**DATASET EXCERPTS:**
═══
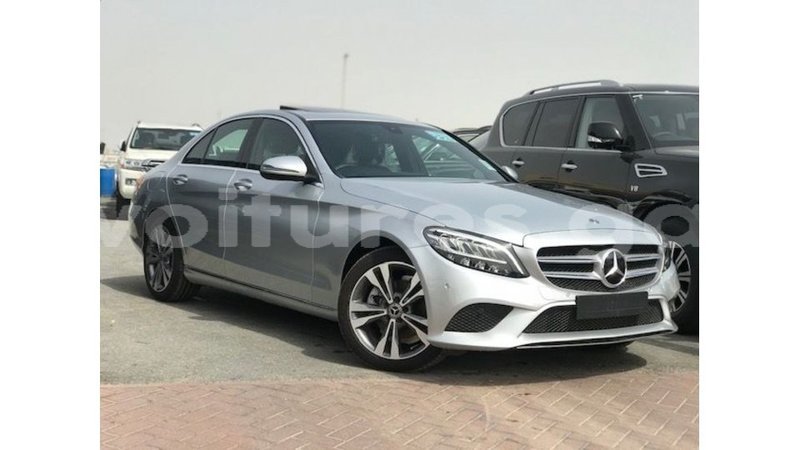 Big with watermark mercedes benz 200 estuary import dubai 6769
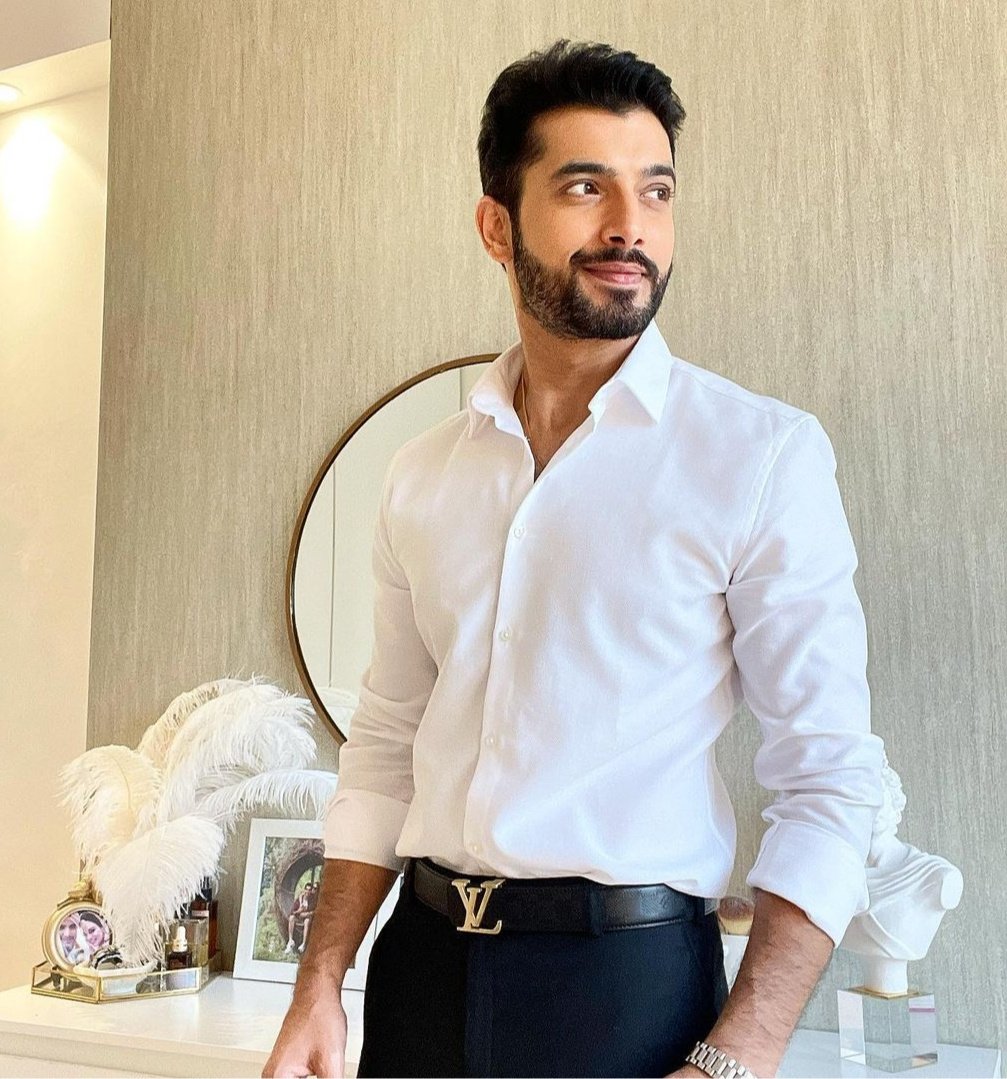 RakhikumariKum1's tweet photo. Rooting for this DAPPER DUDE #Sharadmalhotra 

#Bestactor #MostPopular #IconicStylishMan 

#iconicgoldawards2021 #IconicGoldAwards #BLAwards2021 @bollywood_life 

#veeranshusinghania #cheel in naagin5. https://t.co/tGCdK4nipF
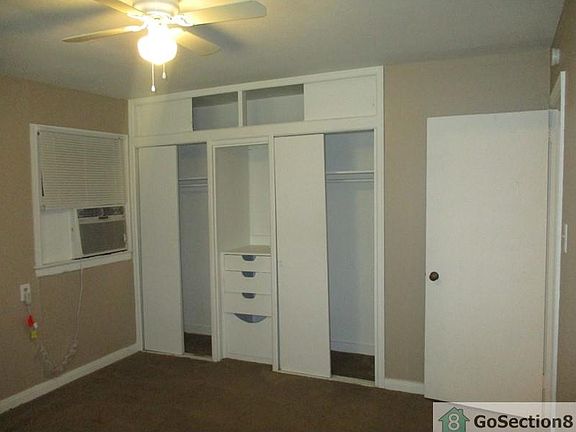 2nd image of 401 Honeysuckle Dr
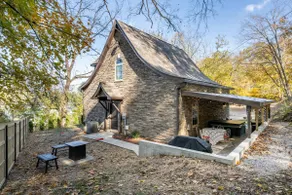 Hammond Hillside Cottage - Image 4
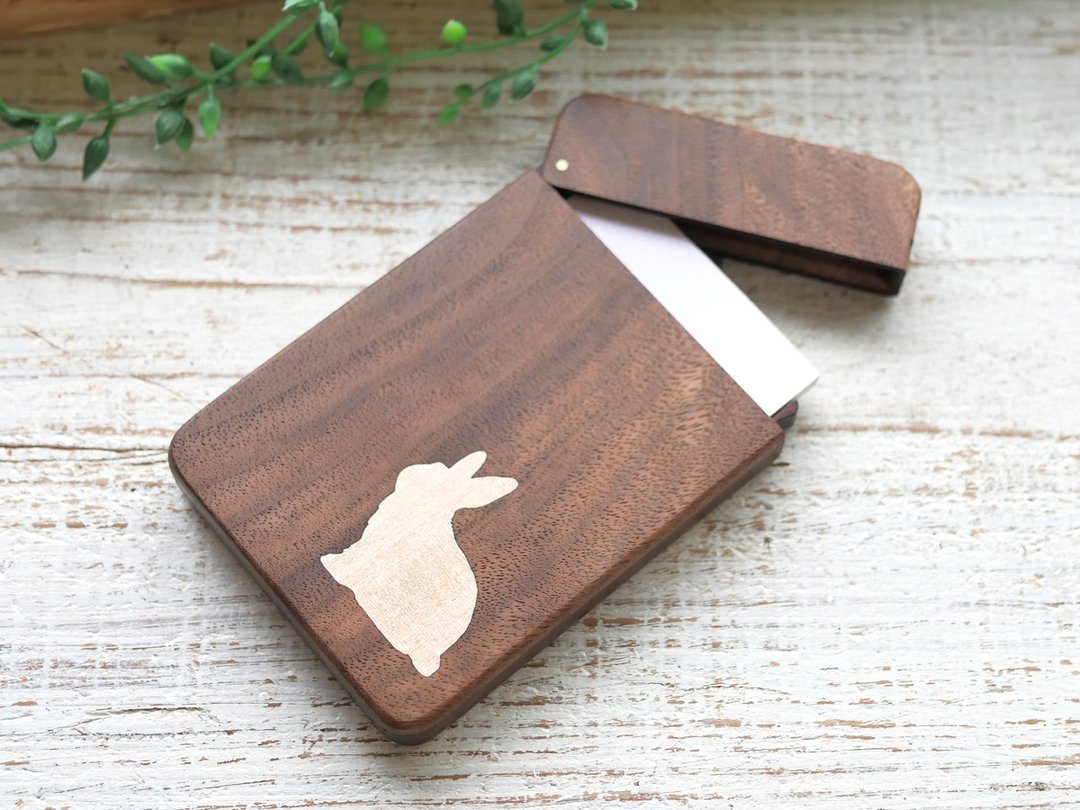 Wooden business card holder Rabbit walnut - 名片夹/名片盒 - 木头 咖啡色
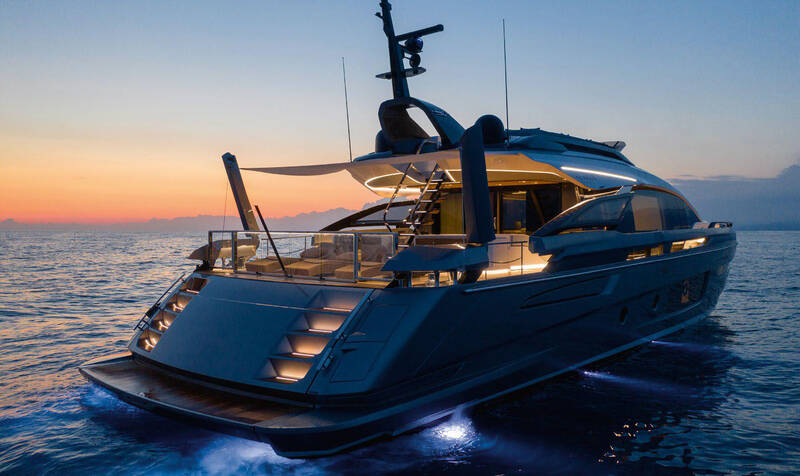 Екстер'єр Azimut Grande S10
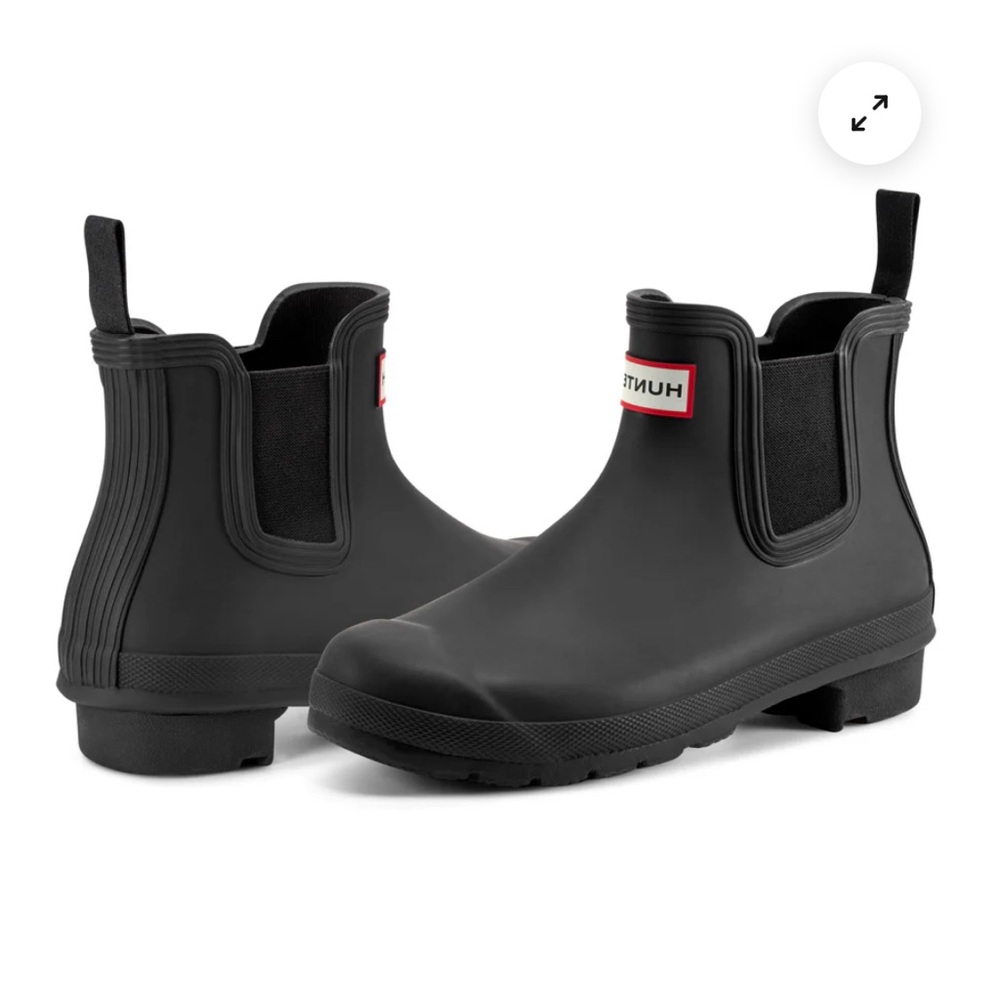Hunter Women’s Short Chelsea Rain Boot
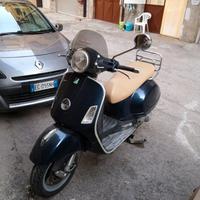 Piaggio Vespa 125 GTS - 2008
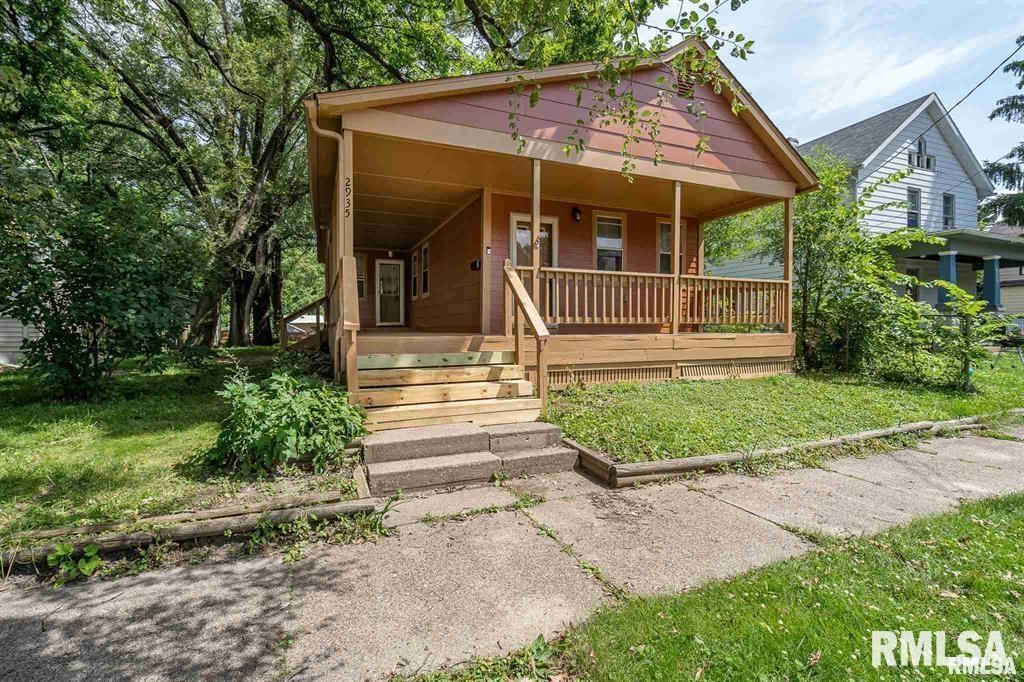 2935 13th Ave., Rock Island, IL 61201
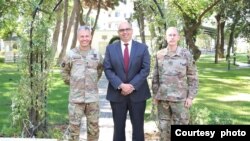 General-mayor Maykl Vikman Azərbaycanda səfərdədir (Foto ABŞ Səfirliyinindir.)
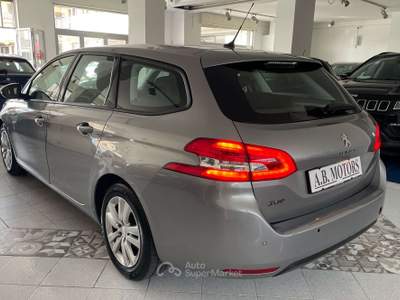 Peugeot 308 308 SW 1.5 bluehdi Busines AUTO Grigio usata Montecorvino Pugliano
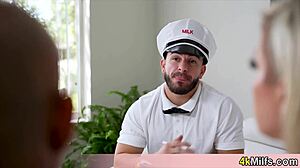 當水手繼兄修復你的性問題，每個熟女幻想都是穿制服的帥哥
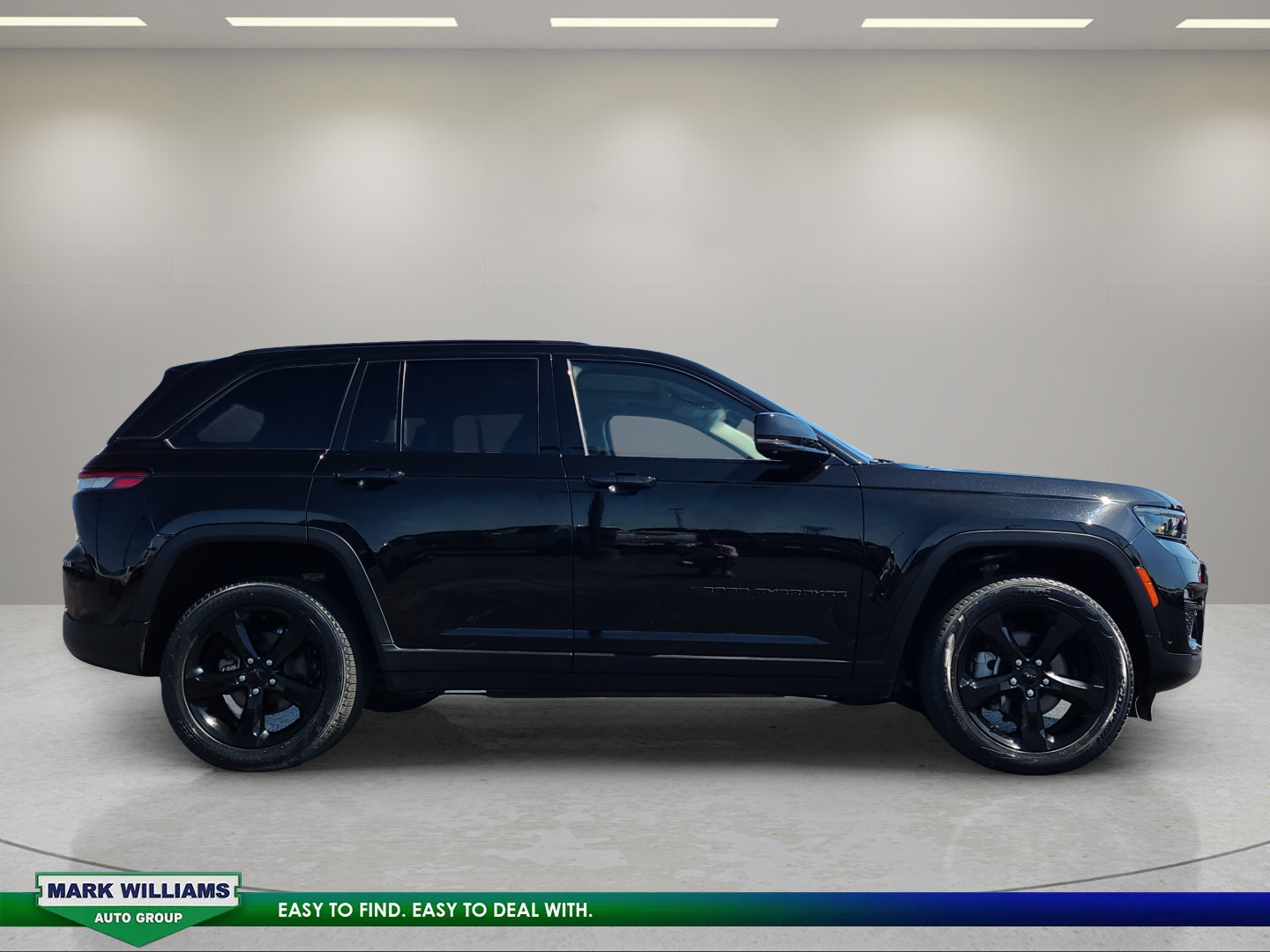 Used 2023 Jeep Grand Cherokee Limited w/ Luxury Tech Group II AWD/4WD image 2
═══
**WHAT YOU WILL DO:** Using the records above, repeat exactly the run of lines that starts with the line with "#iconicgoldawards2021 #IconicGoldAwards #BLAwards2021" and goes on through the line with "2935 13th Ave., Rock Island, IL 61201"; omit each picture.

**OUTPUT BELOW:**
#iconicgoldawards2021 #IconicGoldAwards #BLAwards2021 @bollywood_life 

#veeranshusinghania #cheel in naagin5. https://t.co/tGCdK4nipF
 2nd image of 401 Honeysuckle Dr
 Hammond Hillside Cottage - Image 4
 Wooden business card holder Rabbit walnut - 名片夹/名片盒 - 木头 咖啡色
 Екстер'єр Azimut Grande S10
Hunter Women’s Short Chelsea Rain Boot
 Piaggio Vespa 125 GTS - 2008
 2935 13th Ave., Rock Island, IL 61201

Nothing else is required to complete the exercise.